(Crawled caption data)
++++++

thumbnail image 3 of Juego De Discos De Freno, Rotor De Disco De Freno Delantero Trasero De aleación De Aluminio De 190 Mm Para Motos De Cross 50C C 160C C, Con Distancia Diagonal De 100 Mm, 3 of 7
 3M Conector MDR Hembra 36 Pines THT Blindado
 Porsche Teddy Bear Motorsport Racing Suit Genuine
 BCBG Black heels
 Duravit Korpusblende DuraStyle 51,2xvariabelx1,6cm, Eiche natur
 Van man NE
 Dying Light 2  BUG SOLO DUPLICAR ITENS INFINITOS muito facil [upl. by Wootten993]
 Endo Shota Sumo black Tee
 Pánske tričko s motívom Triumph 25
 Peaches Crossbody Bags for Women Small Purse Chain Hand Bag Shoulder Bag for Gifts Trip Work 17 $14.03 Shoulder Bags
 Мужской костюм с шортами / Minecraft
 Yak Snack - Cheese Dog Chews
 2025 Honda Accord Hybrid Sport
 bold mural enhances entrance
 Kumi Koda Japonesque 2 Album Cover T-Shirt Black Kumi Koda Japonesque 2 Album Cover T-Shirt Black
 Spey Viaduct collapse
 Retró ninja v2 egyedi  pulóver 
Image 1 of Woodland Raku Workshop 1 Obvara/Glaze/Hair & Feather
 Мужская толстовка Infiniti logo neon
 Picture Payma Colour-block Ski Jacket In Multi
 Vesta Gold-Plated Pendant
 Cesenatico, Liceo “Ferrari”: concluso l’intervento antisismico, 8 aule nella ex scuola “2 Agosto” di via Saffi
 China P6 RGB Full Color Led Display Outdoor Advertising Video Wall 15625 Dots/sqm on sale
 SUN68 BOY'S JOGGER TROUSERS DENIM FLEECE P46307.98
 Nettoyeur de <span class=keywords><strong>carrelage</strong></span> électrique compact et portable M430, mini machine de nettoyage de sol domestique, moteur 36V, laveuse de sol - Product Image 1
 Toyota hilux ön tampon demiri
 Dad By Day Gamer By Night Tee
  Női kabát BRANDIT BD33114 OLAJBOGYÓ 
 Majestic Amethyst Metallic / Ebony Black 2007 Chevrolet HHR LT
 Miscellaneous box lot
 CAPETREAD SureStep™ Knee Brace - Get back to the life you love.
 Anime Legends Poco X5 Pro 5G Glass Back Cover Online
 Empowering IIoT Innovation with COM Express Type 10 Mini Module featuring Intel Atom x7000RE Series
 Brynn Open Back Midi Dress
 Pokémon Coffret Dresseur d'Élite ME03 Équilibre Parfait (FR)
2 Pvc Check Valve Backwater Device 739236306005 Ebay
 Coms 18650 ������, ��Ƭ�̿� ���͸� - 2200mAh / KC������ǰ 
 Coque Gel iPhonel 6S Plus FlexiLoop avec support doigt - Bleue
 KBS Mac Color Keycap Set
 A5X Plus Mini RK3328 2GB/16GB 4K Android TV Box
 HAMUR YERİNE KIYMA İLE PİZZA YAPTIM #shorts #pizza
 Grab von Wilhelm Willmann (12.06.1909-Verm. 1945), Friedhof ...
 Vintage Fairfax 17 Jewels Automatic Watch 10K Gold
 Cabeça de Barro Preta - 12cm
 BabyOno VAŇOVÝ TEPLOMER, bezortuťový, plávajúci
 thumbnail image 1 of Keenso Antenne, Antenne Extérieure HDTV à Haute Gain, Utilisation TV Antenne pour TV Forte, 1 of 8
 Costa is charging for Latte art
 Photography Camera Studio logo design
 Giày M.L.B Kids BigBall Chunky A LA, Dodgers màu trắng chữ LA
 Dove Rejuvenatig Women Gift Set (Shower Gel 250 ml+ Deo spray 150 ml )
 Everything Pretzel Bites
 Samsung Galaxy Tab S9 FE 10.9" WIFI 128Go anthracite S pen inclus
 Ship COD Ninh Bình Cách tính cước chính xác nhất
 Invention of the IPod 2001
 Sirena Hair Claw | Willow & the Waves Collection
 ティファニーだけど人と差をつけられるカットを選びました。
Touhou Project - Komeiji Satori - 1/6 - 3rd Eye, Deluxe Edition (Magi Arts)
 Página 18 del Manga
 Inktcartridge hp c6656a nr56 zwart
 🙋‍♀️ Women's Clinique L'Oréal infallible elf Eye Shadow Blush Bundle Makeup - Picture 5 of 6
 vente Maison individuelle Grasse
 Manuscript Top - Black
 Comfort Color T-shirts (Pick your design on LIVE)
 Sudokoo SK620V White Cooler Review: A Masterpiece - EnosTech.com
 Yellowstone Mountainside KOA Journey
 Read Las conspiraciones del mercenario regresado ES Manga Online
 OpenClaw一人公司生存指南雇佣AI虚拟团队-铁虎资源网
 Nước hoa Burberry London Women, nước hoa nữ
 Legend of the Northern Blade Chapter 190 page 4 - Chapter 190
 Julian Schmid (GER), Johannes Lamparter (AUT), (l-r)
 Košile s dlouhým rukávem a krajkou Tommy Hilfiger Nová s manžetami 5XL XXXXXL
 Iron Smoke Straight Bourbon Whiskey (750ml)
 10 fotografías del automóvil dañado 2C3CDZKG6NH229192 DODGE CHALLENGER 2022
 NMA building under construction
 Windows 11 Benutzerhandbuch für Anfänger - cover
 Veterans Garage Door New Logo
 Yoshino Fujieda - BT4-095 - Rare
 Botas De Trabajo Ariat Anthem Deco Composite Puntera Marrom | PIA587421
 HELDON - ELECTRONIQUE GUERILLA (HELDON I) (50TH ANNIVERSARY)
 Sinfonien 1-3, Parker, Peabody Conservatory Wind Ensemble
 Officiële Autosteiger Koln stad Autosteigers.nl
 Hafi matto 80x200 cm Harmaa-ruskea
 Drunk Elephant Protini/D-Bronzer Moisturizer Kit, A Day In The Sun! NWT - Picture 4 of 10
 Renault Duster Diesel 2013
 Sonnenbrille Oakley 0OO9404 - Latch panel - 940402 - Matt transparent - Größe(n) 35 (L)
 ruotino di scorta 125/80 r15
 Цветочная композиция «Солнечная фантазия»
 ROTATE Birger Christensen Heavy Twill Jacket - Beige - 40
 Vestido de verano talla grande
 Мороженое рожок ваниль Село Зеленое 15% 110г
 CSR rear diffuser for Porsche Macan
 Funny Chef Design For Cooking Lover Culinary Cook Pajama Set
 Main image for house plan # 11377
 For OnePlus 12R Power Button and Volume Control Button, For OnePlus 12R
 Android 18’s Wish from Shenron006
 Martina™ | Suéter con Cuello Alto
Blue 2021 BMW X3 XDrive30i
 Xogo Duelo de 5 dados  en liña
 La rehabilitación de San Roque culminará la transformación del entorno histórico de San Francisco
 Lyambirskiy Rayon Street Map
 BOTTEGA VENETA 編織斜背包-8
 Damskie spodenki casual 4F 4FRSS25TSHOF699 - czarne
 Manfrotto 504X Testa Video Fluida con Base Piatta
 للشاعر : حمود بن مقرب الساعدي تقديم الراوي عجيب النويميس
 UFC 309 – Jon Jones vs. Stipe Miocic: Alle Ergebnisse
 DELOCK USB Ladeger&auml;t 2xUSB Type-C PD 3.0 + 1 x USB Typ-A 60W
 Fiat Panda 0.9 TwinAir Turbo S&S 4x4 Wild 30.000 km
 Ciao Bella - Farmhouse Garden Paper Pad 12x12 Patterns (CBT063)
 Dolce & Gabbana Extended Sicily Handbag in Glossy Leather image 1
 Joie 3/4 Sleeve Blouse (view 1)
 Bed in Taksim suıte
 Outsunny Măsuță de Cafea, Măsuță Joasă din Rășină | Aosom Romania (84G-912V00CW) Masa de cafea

++++++

▸ Activity:
When the line containing "di via Saffi" is reached, include it and stop. Until then, output each line of the entries exactly as given, starting from the first.

▸ Solution below:
thumbnail image 3 of Juego De Discos De Freno, Rotor De Disco De Freno Delantero Trasero De aleación De Aluminio De 190 Mm Para Motos De Cross 50C C 160C C, Con Distancia Diagonal De 100 Mm, 3 of 7
 3M Conector MDR Hembra 36 Pines THT Blindado
 Porsche Teddy Bear Motorsport Racing Suit Genuine
 BCBG Black heels
 Duravit Korpusblende DuraStyle 51,2xvariabelx1,6cm, Eiche natur
 Van man NE
 Dying Light 2  BUG SOLO DUPLICAR ITENS INFINITOS muito facil [upl. by Wootten993]
 Endo Shota Sumo black Tee
 Pánske tričko s motívom Triumph 25
 Peaches Crossbody Bags for Women Small Purse Chain Hand Bag Shoulder Bag for Gifts Trip Work 17 $14.03 Shoulder Bags
 Мужской костюм с шортами / Minecraft
 Yak Snack - Cheese Dog Chews
 2025 Honda Accord Hybrid Sport
 bold mural enhances entrance
 Kumi Koda Japonesque 2 Album Cover T-Shirt Black Kumi Koda Japonesque 2 Album Cover T-Shirt Black
 Spey Viaduct collapse
 Retró ninja v2 egyedi  pulóver 
Image 1 of Woodland Raku Workshop 1 Obvara/Glaze/Hair & Feather
 Мужская толстовка Infiniti logo neon
 Picture Payma Colour-block Ski Jacket In Multi
 Vesta Gold-Plated Pendant
 Cesenatico, Liceo “Ferrari”: concluso l’intervento antisismico, 8 aule nella ex scuola “2 Agosto” di via Saffi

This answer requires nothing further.